## Data below
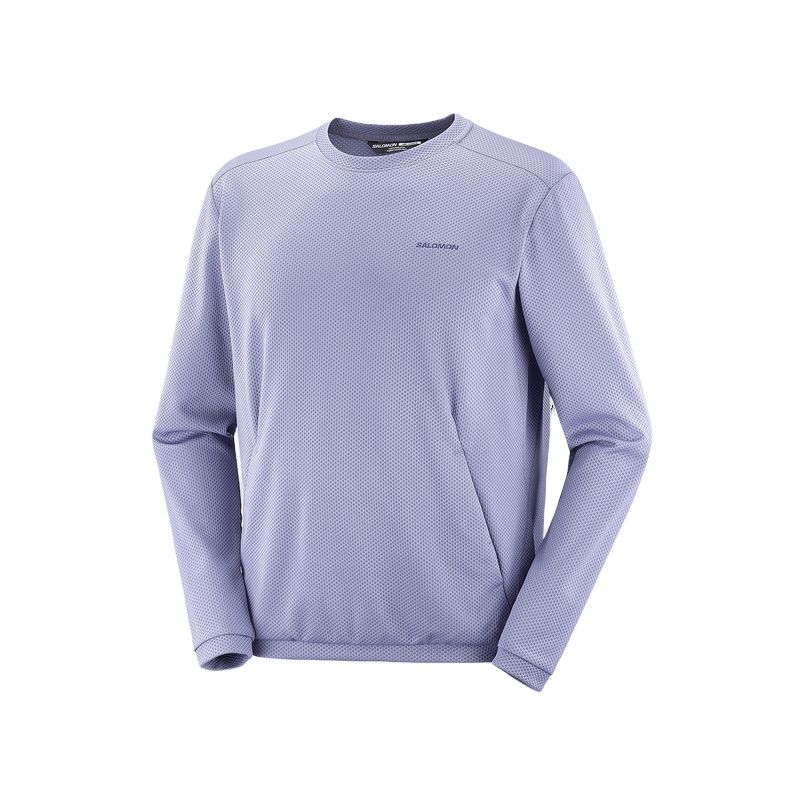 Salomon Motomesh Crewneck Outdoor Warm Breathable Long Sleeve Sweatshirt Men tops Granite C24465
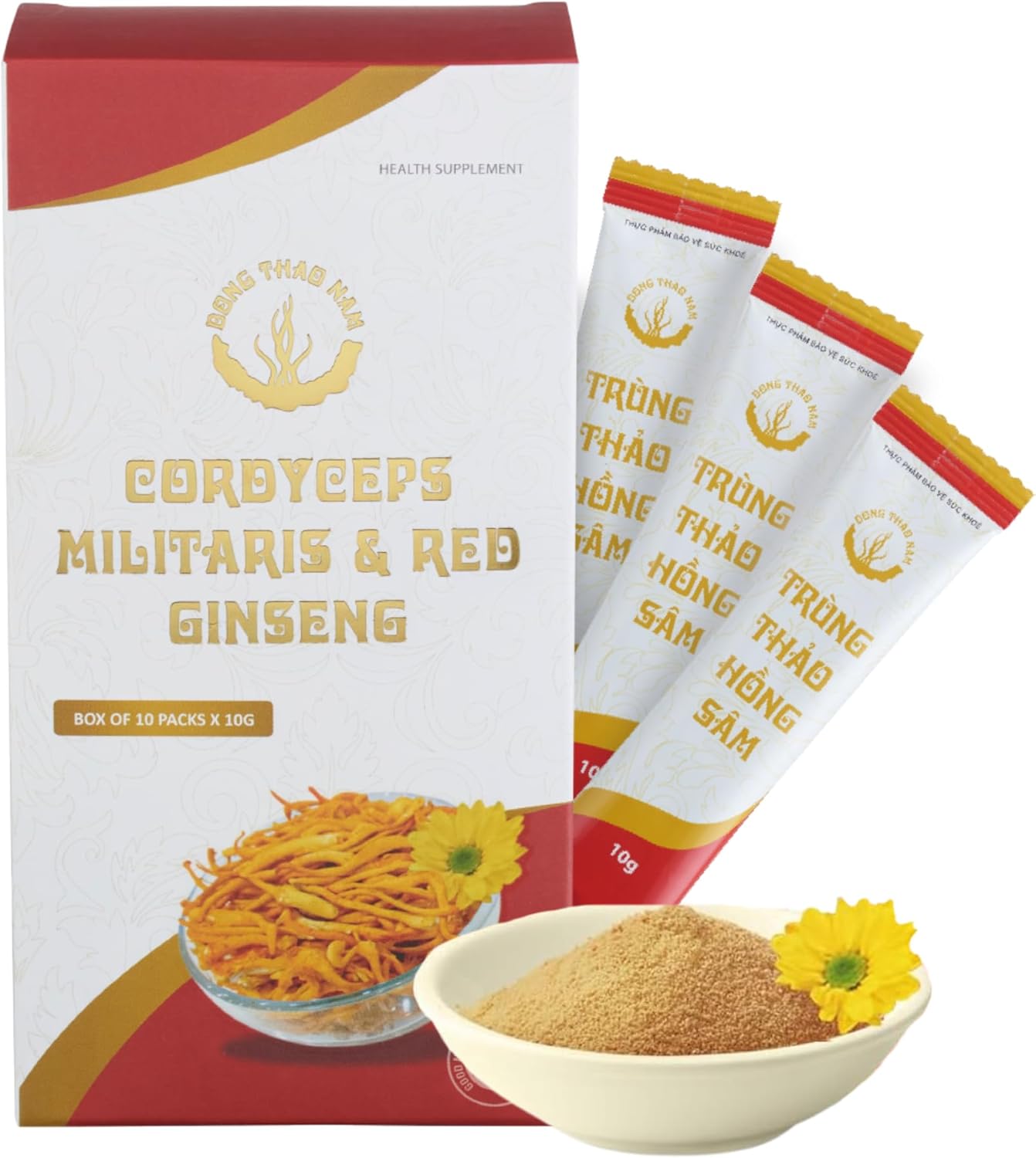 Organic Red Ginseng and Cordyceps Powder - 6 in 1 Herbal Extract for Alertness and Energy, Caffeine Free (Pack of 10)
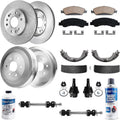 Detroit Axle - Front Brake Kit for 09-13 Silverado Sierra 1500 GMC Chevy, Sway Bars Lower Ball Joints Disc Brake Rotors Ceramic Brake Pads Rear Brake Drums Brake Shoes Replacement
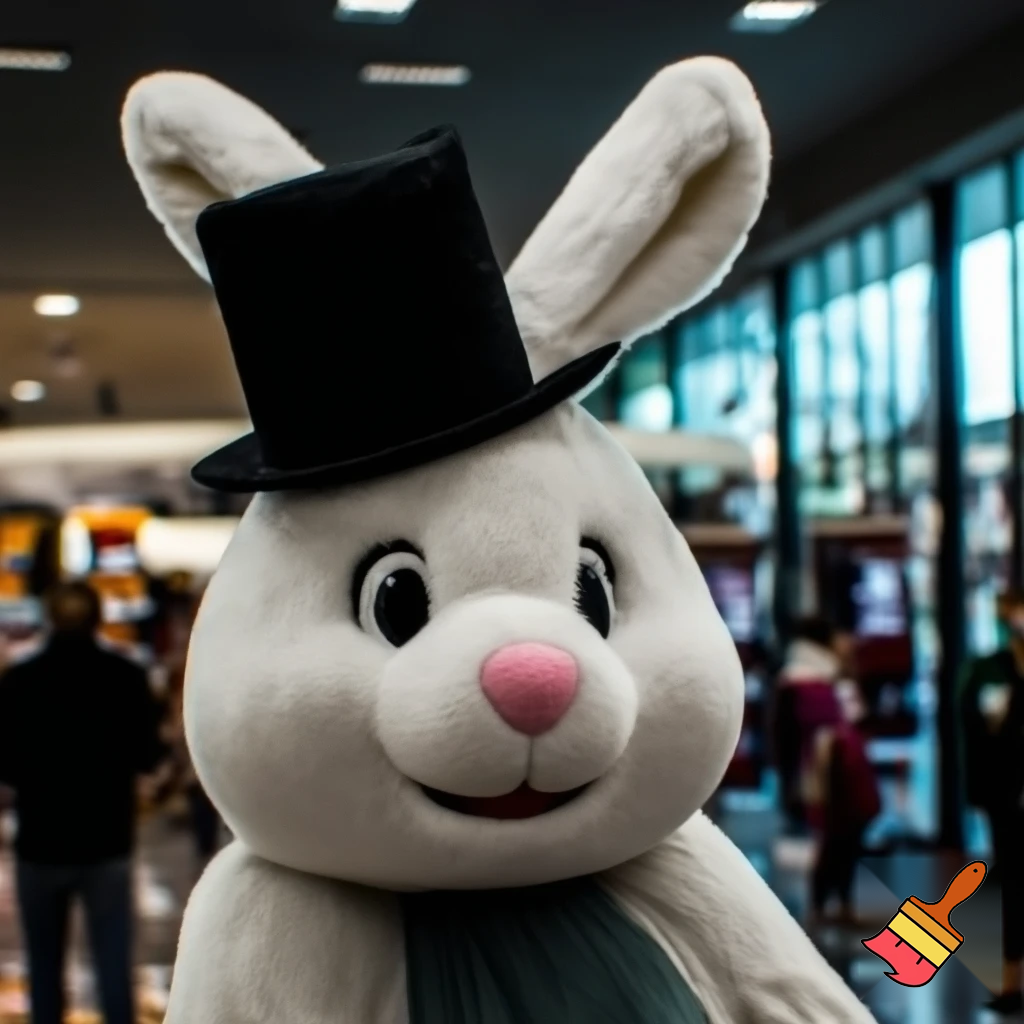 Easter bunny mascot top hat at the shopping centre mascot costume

## What the task requires
In your copy of the data above, leave out the pictures and repeat everything else exactly.

## Output for this task
 Salomon Motomesh Crewneck Outdoor Warm Breathable Long Sleeve Sweatshirt Men tops Granite C24465
 Organic Red Ginseng and Cordyceps Powder - 6 in 1 Herbal Extract for Alertness and Energy, Caffeine Free (Pack of 10)
 Detroit Axle - Front Brake Kit for 09-13 Silverado Sierra 1500 GMC Chevy, Sway Bars Lower Ball Joints Disc Brake Rotors Ceramic Brake Pads Rear Brake Drums Brake Shoes Replacement
 Easter bunny mascot top hat at the shopping centre mascot costume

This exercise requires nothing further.